Lamentablemente, la utilización de sustancias prohibidas también ha contribuido de forma notable al avance de las marcas, en especial debido al dopaje sanguíneo en especialidades de resistencia y a los esteroides en esfuerzos explosivos y de corta duración.
Bolt
El récord del mundo de los 100 metros fue destrozado el pasado mes de agosto. El nuevo tope, en posesión del jamaicano Usain Bolt, está situado en 9,58 segundos… He aquí un atleta con un excelente margen de progresión. Es joven, su evolución parece natural –incluso habla en contra del dopaje- y él mismo ha anunciado que quiere llevar el récord por debajo de 9.50.
Curiosamente, hace siete años, a un velocista británico se le ocurrió anunciar que al año siguiente iba a destrozar el récord mundial de los 100 metros. “Ganaré los Mundiales de París con una marca de 9.65”. Era Dwain Chambers quien pronunciaba estas palabras, pero no pudo siquiera participar en aquellos campeonatos del mundo. Fue sancionado por dopaje al encontrarse en su orina restos de THG, el anabolizante de diseño que originó uno de los mayores escándalos de dopaje de los últimos tiempos: el caso BALCO.
Bañadores
La natación es otro deporte que progresa de forma imparable. Tristemente, la retirada de Ian Thorpe (uno de los nadadores que más han “empujado” los límites del ser humano en la piscina) sitúa a Michael Phelps como la referencia máxima de este deporte. Y la realidad es que el de Baltimore es aún joven y sigue logrando cronos en la especialidades de estilos y mariposa que le auguran años de superación de los límites del ser humano. Phelps, que ya ha superado la mítica proeza de la natación (los siete oros olímpicos que obtuvo Mark Spitz en los Juegos de Munich’72) está centrado ya en los juegos de Londres 2012.

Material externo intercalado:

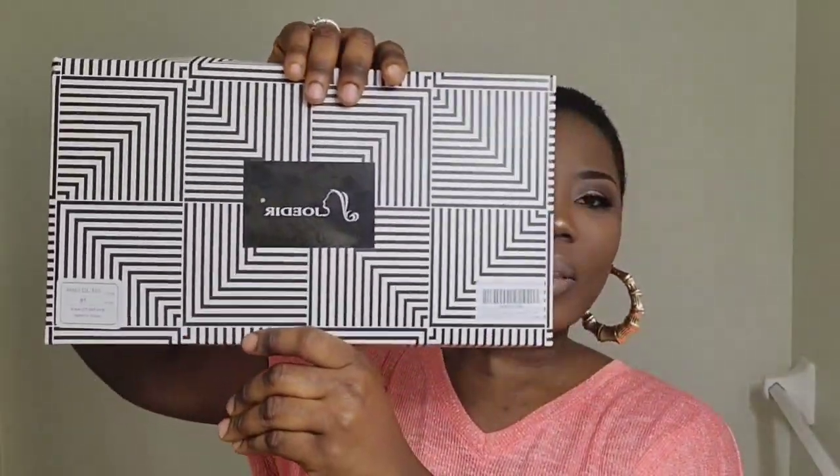Hello everyone and welcome back to my channel. Today I have another hair review for you guys. The hair I'm going to review is by Jadair. The style is Lace Gianna. I have it in color 1B — I usually go for a number 2 but I decided to try a different color today. I'm always trying out colors, so let's see how it goes.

De cualquier manera, siempre habrá escépticos acerca de la imparable progresión del ser humano. Los traumatólogos y los especialistas en Biomecánica centran siempre su argumentación (generalmente conservadora) en la limitación de las estructuras que dan soporte a la unión músculo-hueso (los tendones) y a las articulaciones (los ligamentos). En 1982 se habló con frecuencia de un monstruoso salto de longitud protagonizado en Indianápolis por Carl Lewis. Al parecer, el “hijo del viento” había pisado la plastilina por milímetros (hubo testigos que negaron que hubiera sido nulo) y no se llevó a cabo la medición. Muchos de los periodistas cercanos al foso en aquella competición aseguran que fue un salto de 9,15 metros (veinte centímetros por encima del que figura todavía como récord mundial). También se habló de un salto nulo de 9,20 metros a cargo del cubano Pedroso.

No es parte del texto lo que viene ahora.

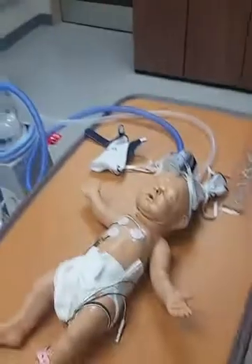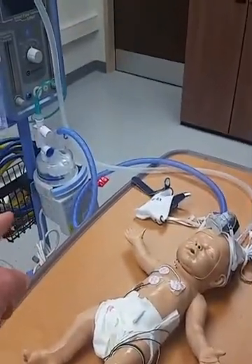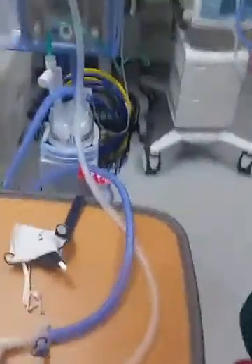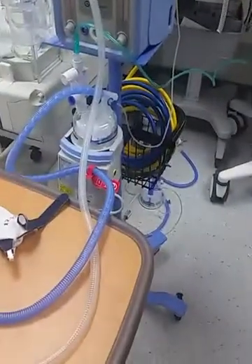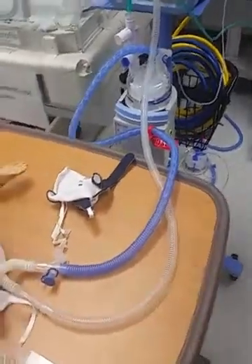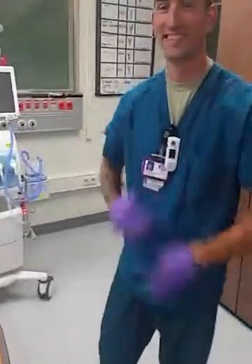And then when you set up the circuit, you would just make sure that the heater is on, full of sterile water, and has the cables plugged in. Alright, that's it. Good job.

Cuando se divulgó la noticia del salto de Lewis (que hubiera supuesto superar la mítica barrera de los 30 pies en el mundo anglosajón) Gideon Ariel, uno de los mayores expertos en Biomecánica a nivel mundial manifestó su escepticismo. “Un salto de esa magnitud es imposible. El fémur estallaría en pedazos y todos los ligamentos de la rodilla se romperían. El organismo no puede con la presión que se debe generar para alcanzar saltos por encima de los nueve metros”. Sin embargo, la progresión física del ser humano siempre deja en ridículo a los escépticos. En 2012, con los Juegos de Londres en el horizonte, presenciaremos hazañas impensables y records que nadie espera. Es la eterna lucha del ser humano, siempre ávido de nuevos retos.